Das Internet ist heute auf dem besten Weg, die neuen Formen elektronischer Arbeit und Freizeit restlos miteinander zu vernetzen und computerisierte Freude, Verschwendung, Knappheit, Sklaverei und Paranoia zu einem weltweiten 24stündigen Arbeitstag zusammenzusetzen: zu jenem digitalen Kontinuum, das vielen von uns zumindest spielerisch bereits vertraut ist als die sich vollendende Einheit von Spaß und Terror in einer radikal vereinzelnden Neuen Ökonomie.

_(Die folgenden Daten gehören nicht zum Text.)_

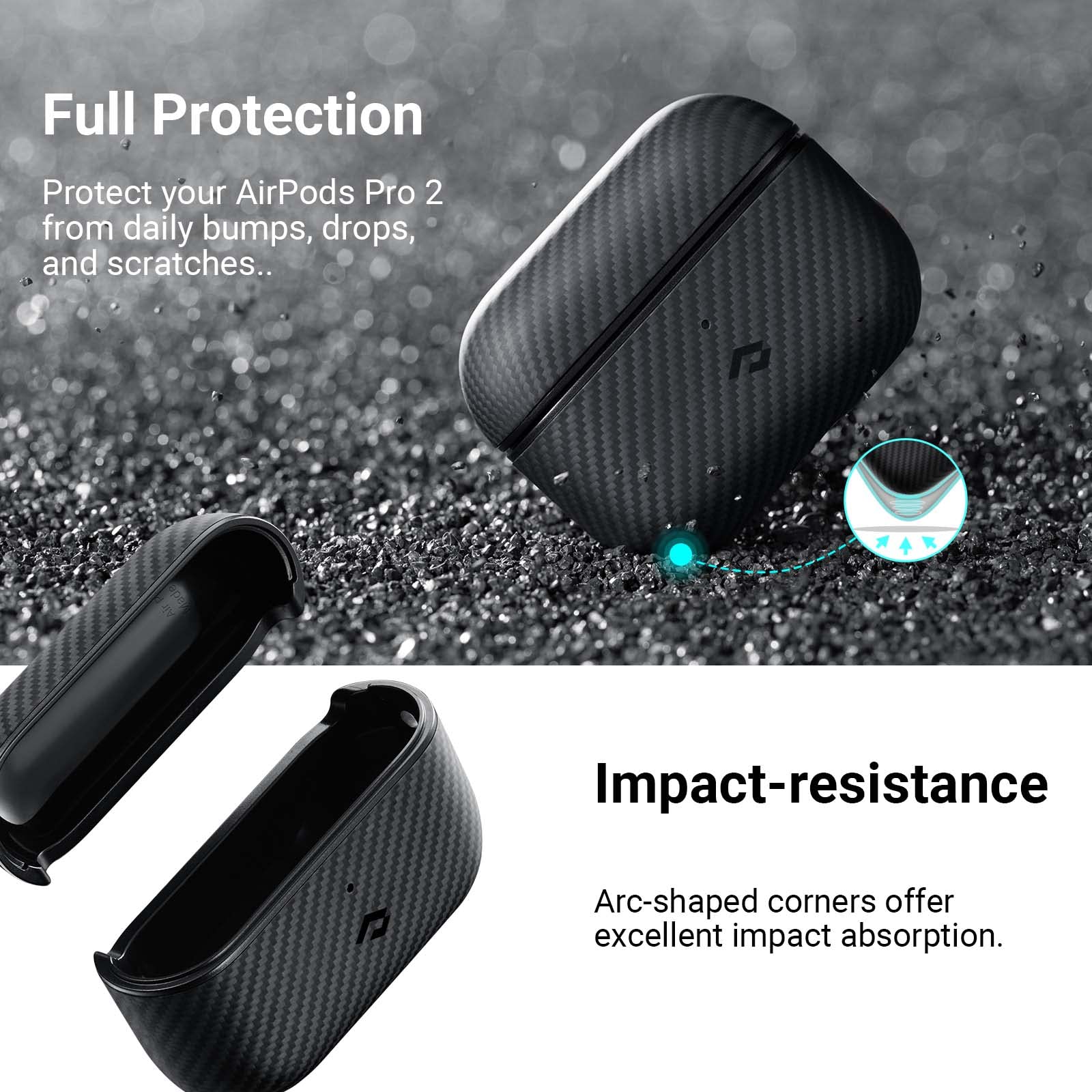 PITAKA AirPods Pro 2 Case - Ultra Slim Shockproof Protective Cover for AirPods Pro 2nd Generation | Premium 600D Aramid Fiber | Perfect for Travel, Workout & Daily Use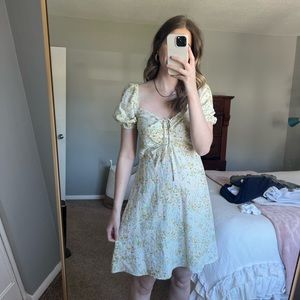 H&M Mini Floral Dress with Puff Sleeves
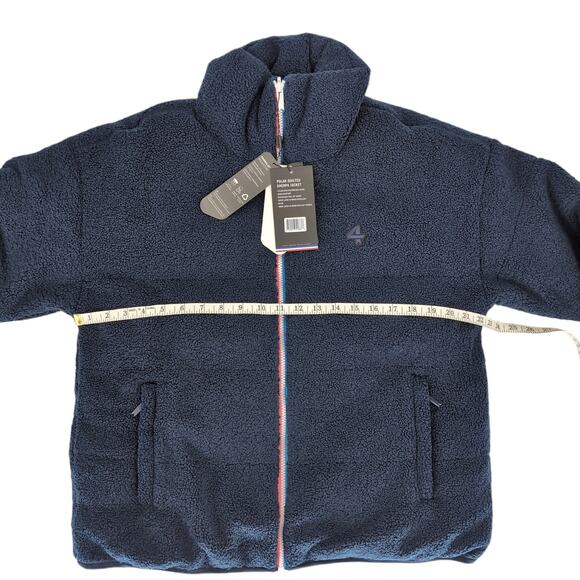 Fourlaps Polar Quilted Reversible Unisex Navy Blue Sherpa Jacket - Size S - NWT - Picture 9 of 15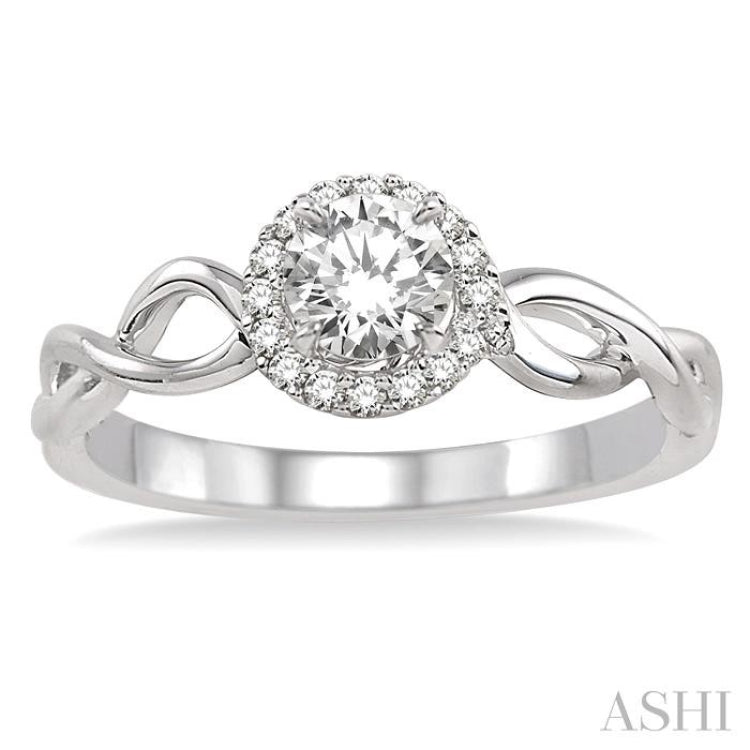 Round Shape Semi-Mount Halo Diamond Engagement Ring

Zur gleichen Zeit wirft die Geschichte ihre leeren Flaschen aus dem Fenster. Das Internet wird nicht deleuzianisch gewesen sein, sondern - read my lips, make no mistake - das erste Massenmedium der Kontrollgesellschaften. Deren Wappentier wird nicht die Schlange gewesen sein, sondern der Linux-Pinguin. Die globale Vernetzung autonomer Produzenten wird kein Rhizom gewesen sein, sondern der Produktionsmodus der hierarchichsten Wirtschaftsordnung, die die Welt je gesehen hat. Die Grenze des Kapitalismus wird kein Ort gewesen sein, an dem sich eine hübsche Aussicht auf sein mögliches Jenseits eröffnet, sondern gerade jener Bereich, in dem die herrschenden Verhältnisse am härtesten um ihr Fortdauern kämpfen. Und eine Linke, die Morpheus für einen Filmhelden und PHP für ein Verschlüsselungsverfahren hält (und auch ansonsten glaubt, ihr gemeinsamer Boden bestünde aus geteilten Meinungen statt aus geteilten Methoden) wird, selbst wenn sie den mittleren Deleuze endlich durch den späteren ersetzt haben wird, keine Linke gewesen sein, sondern bloß eine Rechte unter vielen.